Kopperud doesn’t mince words in his call to arms if agriculture hopes to win the battle for public opinion. “We have to get off our duffs and open our mouths.”

“We’re too shy. We have to start bragging. We have to start boasting.”

Funny thing: I said some of the same things speaking to the new Four-County LEAD program last week. And I’ve said them before.

Agriculture is losing the public relations battle.

Without your voice, no one will learn how things work in the real world of farming. Without your voice, the public will hear only voices that aren’t shy about speaking to the media. Without your voice, consumers are getting only one side of the story.

Kopperud is a former reporter and editor, and former senior vice president of the American Feed Industry Association.

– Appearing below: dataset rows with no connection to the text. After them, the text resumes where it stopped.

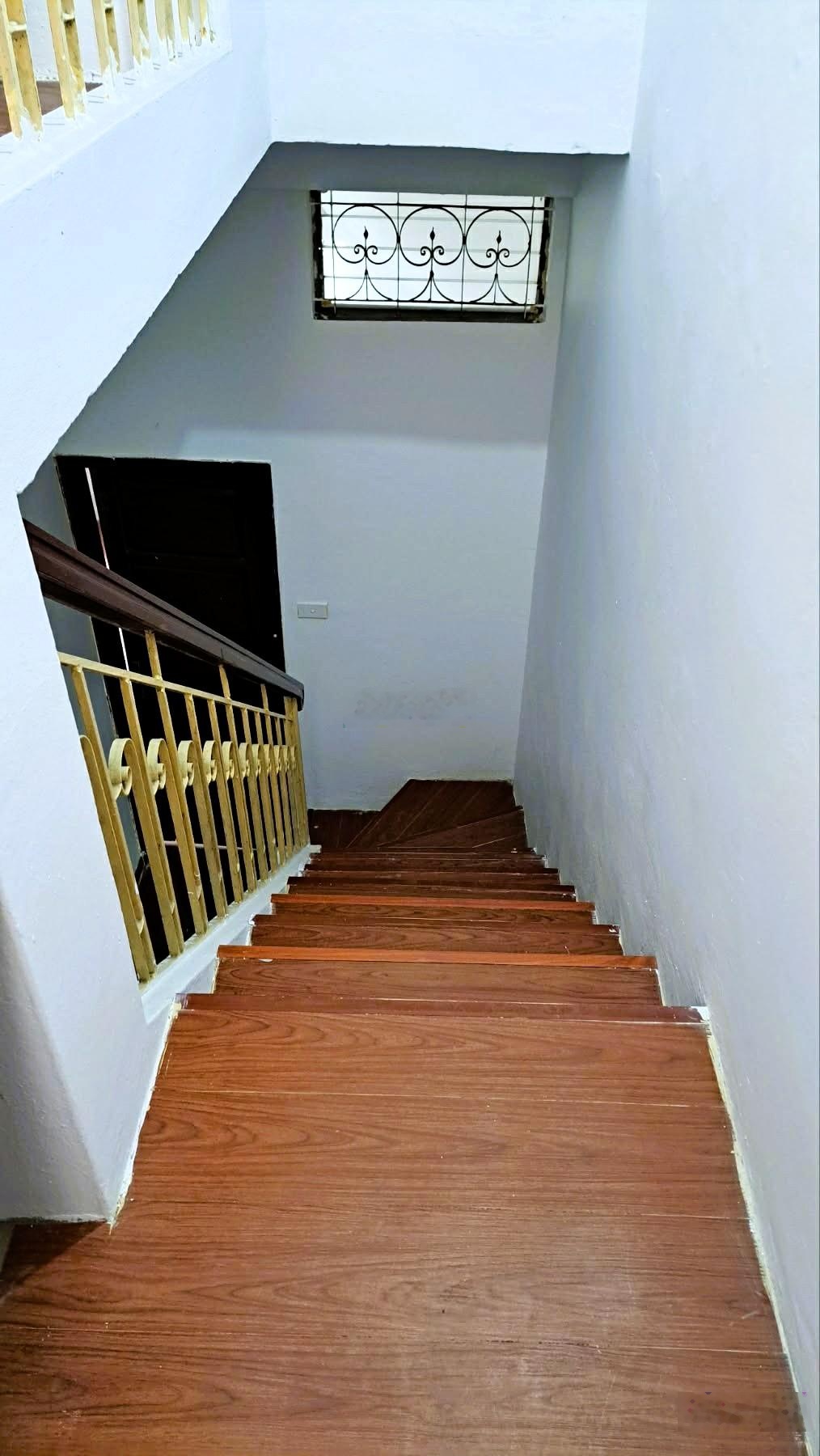 Bán nhà đất 3 Tầng x 55m2 ko nội thất ngõ 279 Đội Cấn, Ba Đình. Ôtô đi thông HHThám - Đội Cấn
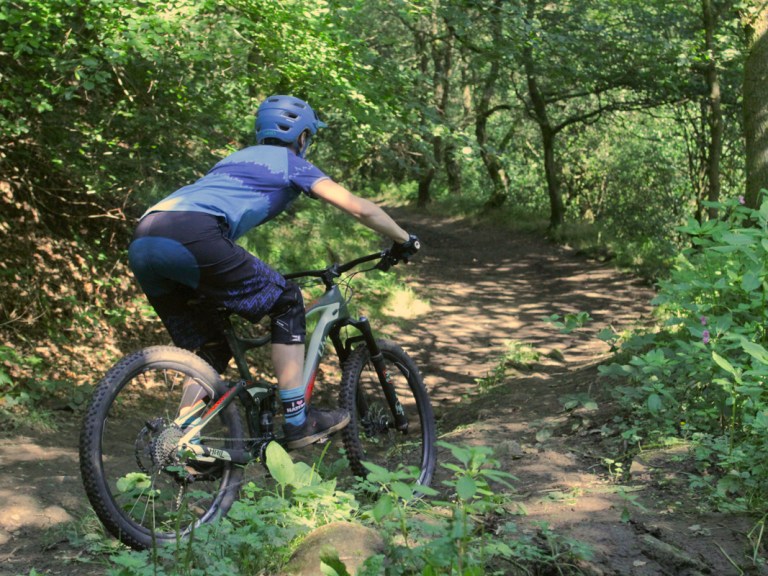 Review: Flare Clothing Solar T-Shirt And Stage Shorts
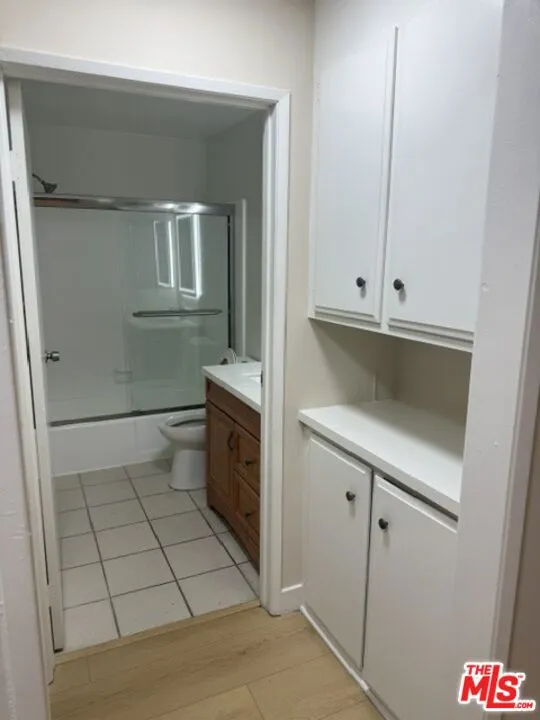 1128 Ocean Park Boulevard #101 Santa Monica, CA 90405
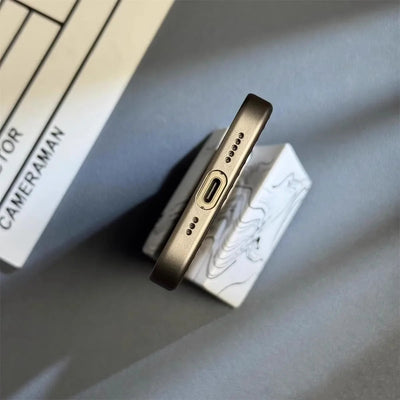 Titanium Shield Pro iPhone Hülle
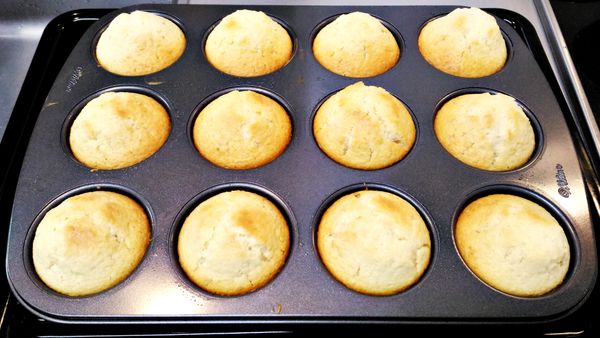 讓瑪芬冷卻大約10分鐘,
再將瑪芬從蛋糕模中取出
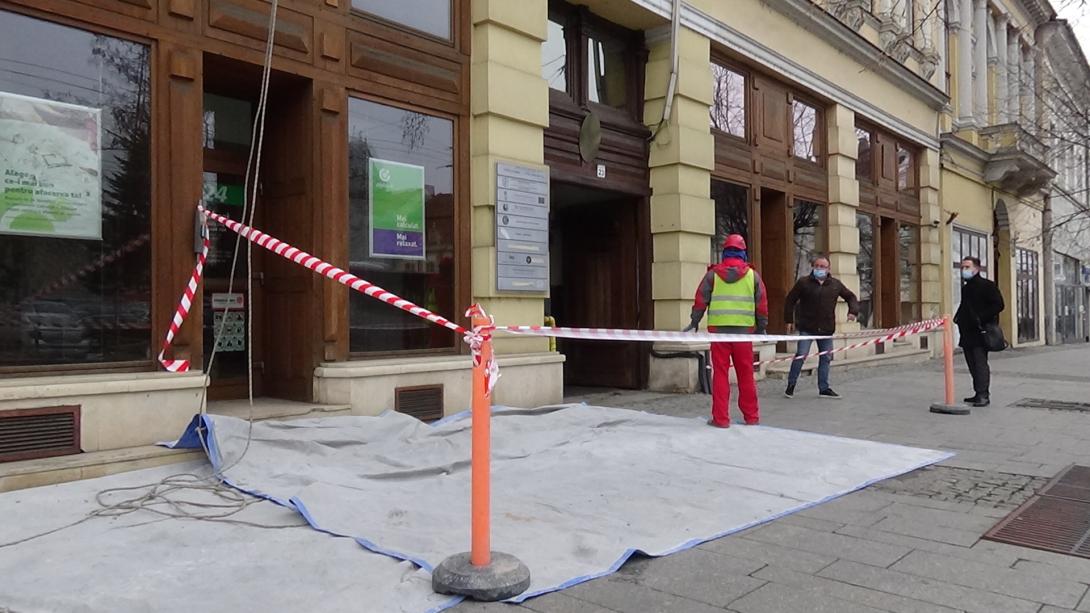 VIDEÓ – Ipari alpinisták kötélen lógva végeznek munkálatokat a magyar főkonzulátus épületén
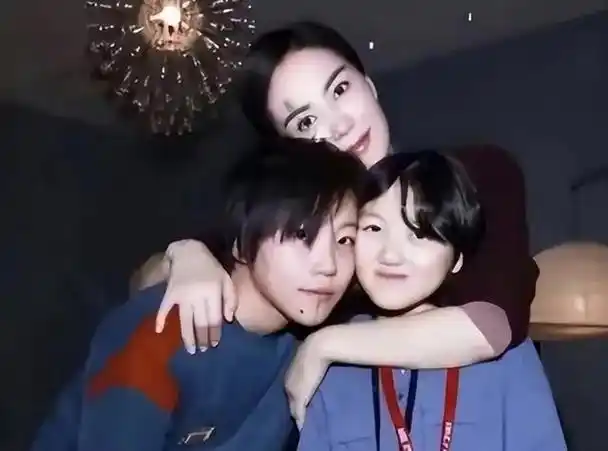 王菲端午带李嫣看演唱会,母女同框长一样,李嫣兔唇恢复完美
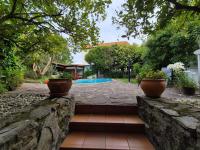 Apartment 55 m2, sunny garden & pool in Villa 1905 - B&B Hendaye
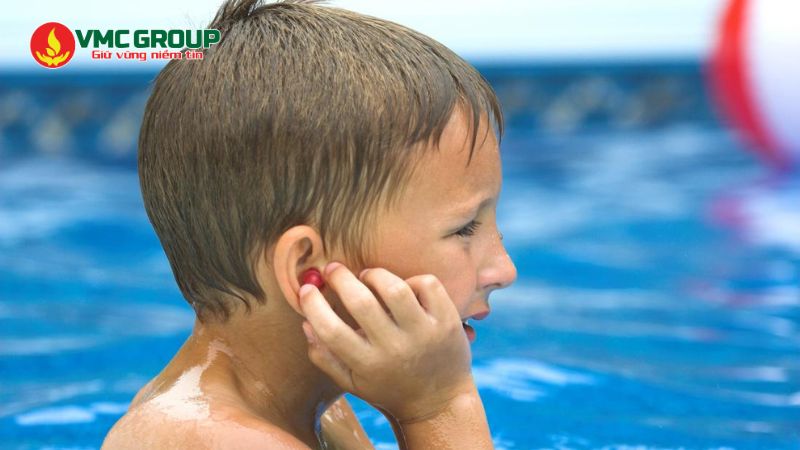 Đeo nút tai chống nước khi bơi Đeo nút tai chống nước khi bơi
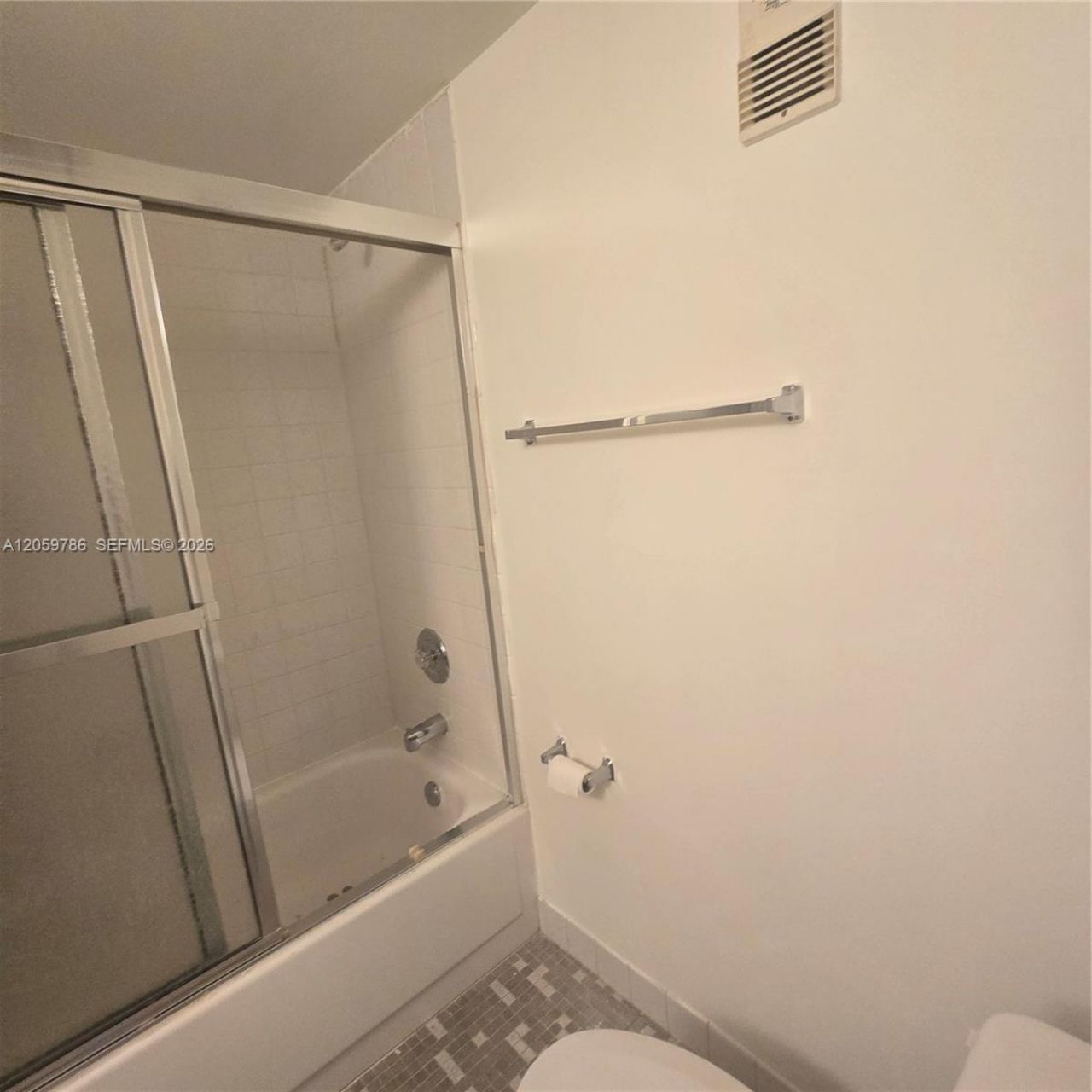 8401 SW 107 , Unit 312E, Miami, FL 33173 Photo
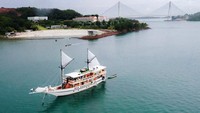 Kepri dikenal sebagai salah satu gerbang wisata bahari Indonesia. Itu membuat lanskap perairan di sini begitu menakjubkan. Terlebih dengan kehadiran kapal pinisi pada perairan Kepri, membuat pemandangannya semakin menarik.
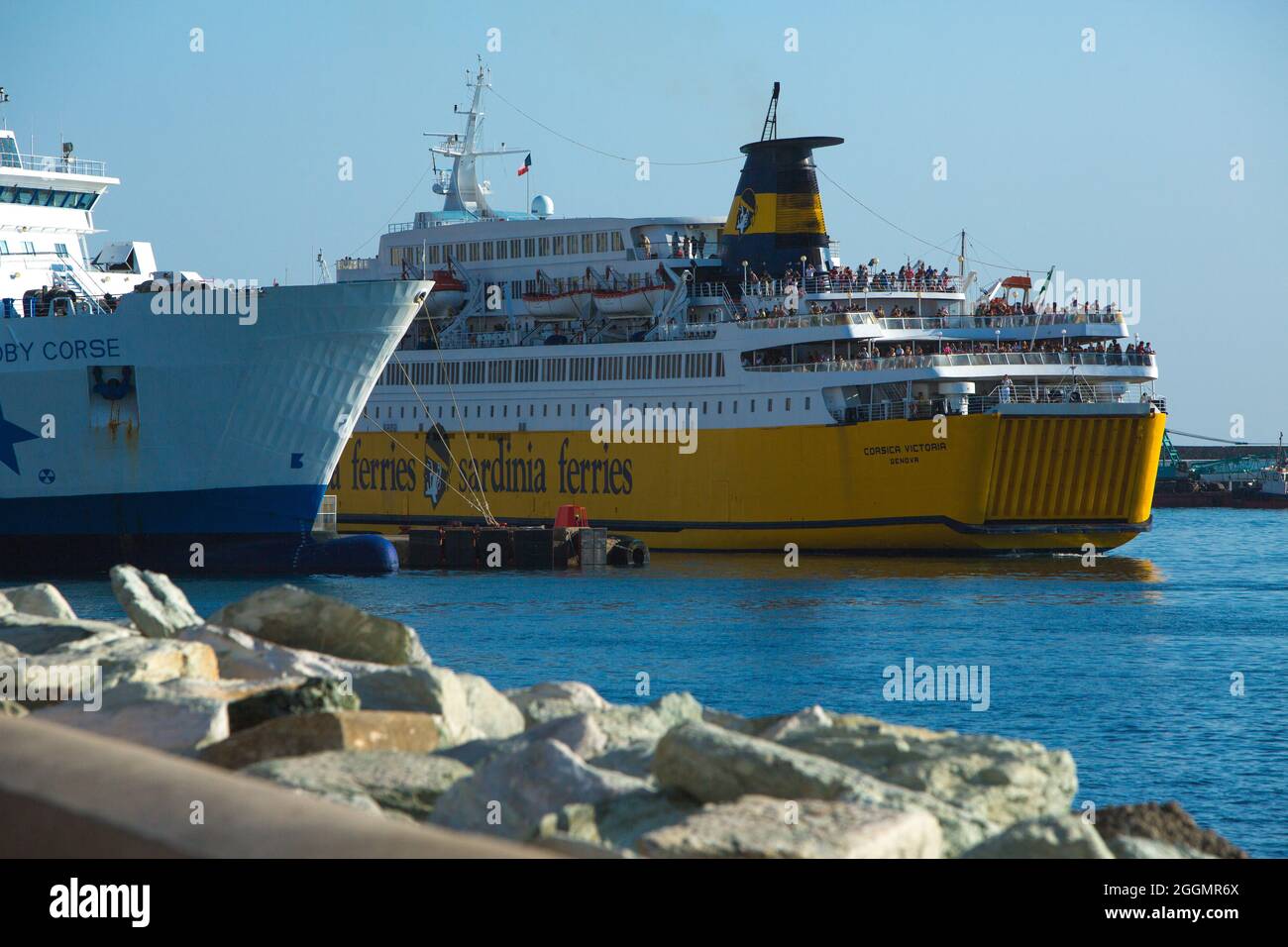 FRANCE. HAUTE-CORSE (2B) BASTIA. FERRY CORSE FERRY ARRIVÉE AU PORT Banque D'Images
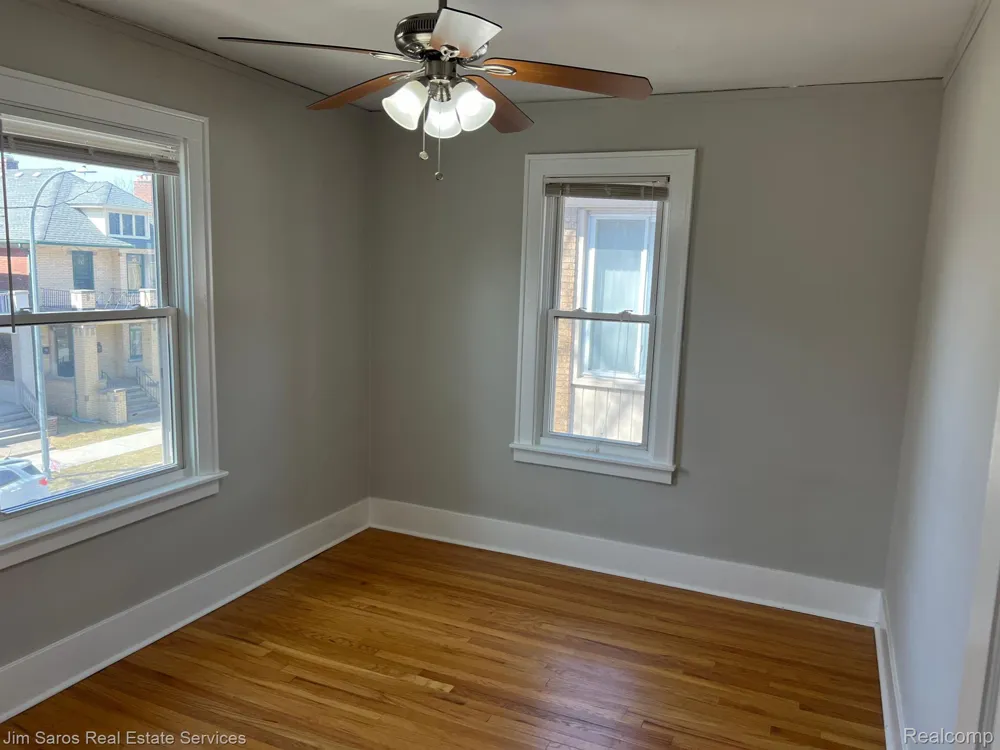 900 Nottingham #2 Grosse Pointe Park City, MI 48230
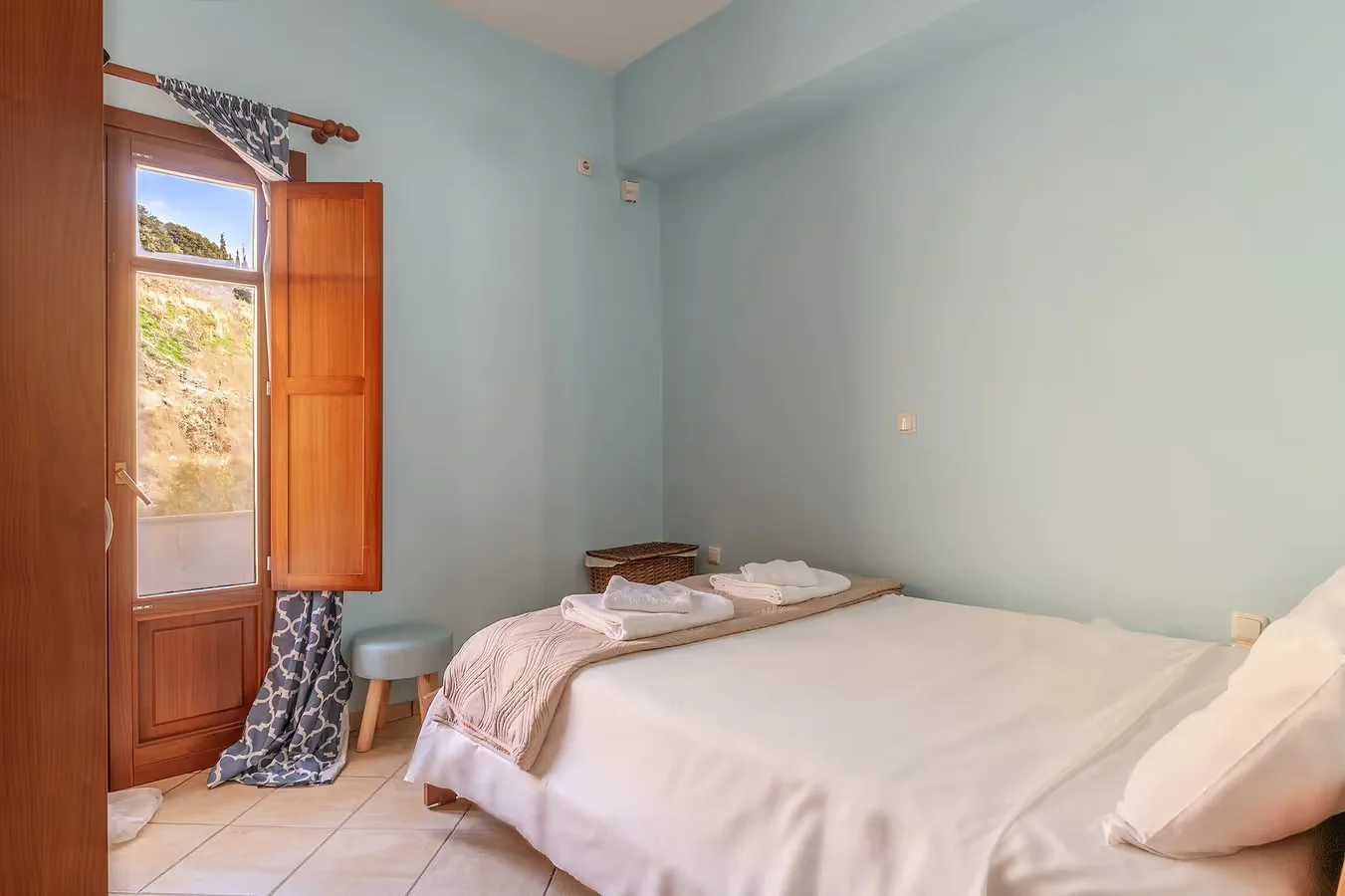 Moraki Apartment 2 interior view 25, Cycladic stay in Kapparia, Andros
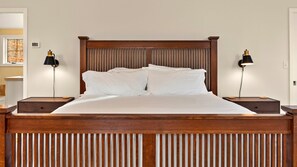 4 habitaciones, tabla de planchar con plancha, wifi y ropa de cama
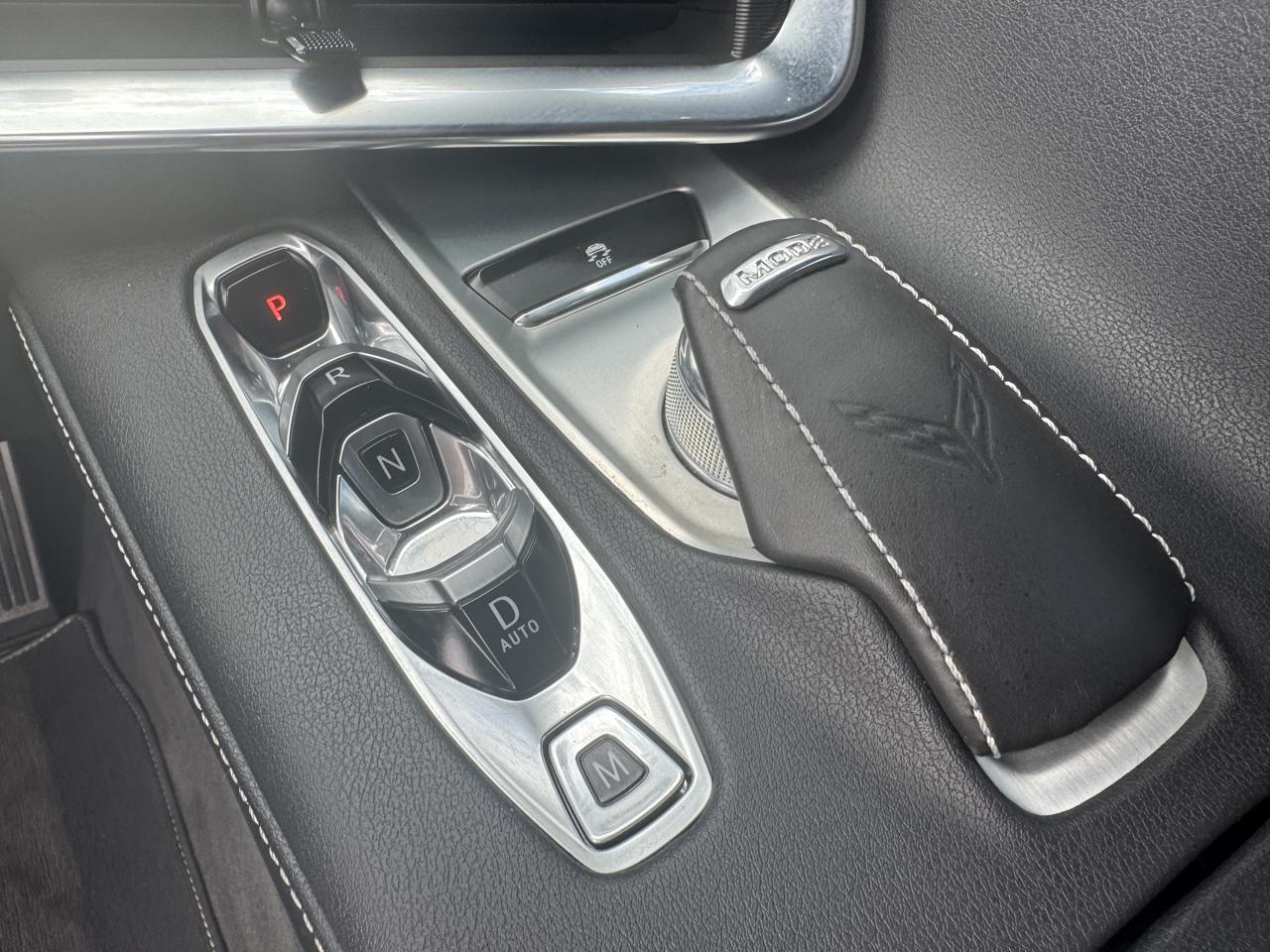 Chevrolet Corvette 2dr Stingray Cpe w/1LT 2021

He is founder and past president of the Animal Industry Foundation (now the Animal Agriculture Alliance).

We need to sell the farmer to the American consumer, which is an easy sell, Kopperud says. “The public likes farmers and ranchers. They trust you.”

Farmers do a really good job of farming and they are committed to animal welfare, he added. But no one tells that to today’s shoppers.

The animal rights groups, like the Humane Society of the United States and People for the Ethical Treatment of Animals, or PeTA, have mastered the political strategy called “step-wise,” Kopperud explains.

“It’s kind of like being nibbled to death by ducks,” he told the audience this summer. “A little bit this year, a little bit next year, a little bit the year after that.”

Logically, everyone wants to embrace animal welfare measures, just as consumers want to support independent farmers. But every time a regulation like California’s recently passed Proposition 2 is enacted, a farmer’s cost goes up. The unintended consequence to Proposition 2 is that even the small farmers and the free-range chicken producers are hurt.

“If you cannot regulate them out of business, and you can’t legislate them out of business, then you cost them out of business,” Kopperud explained of agriculture’s foes.

What the public wants more than anything is assurance. Consumers want to trust that farmers are doing the right thing. They want to know that their concern for animal welfare is a reality on the farm.

The ag industry has listened to animal welfare expert Temple Grandin, who has designed and advised more humane handling of animals throughout the farm and processing channels. But now, Kopperud says, “we need Temple times 10.”

Farmers need to be following experts’ science-based animal handling and animal welfare procedures and they need to be following it 24/7.

More than anything, agriculture needs to be more proactive. Any time there’s an animal rights picket outside an event or a corporate office, there should be a farmer picket there, too, the lobbyist said. “We have to push back. We have to take control of the issue.”

Animal welfare is just as important as animal health and nutrition, and “nobody does it better than we do.”

You cannot assume your story is going to get out there if you don’t tell it, because it won’t.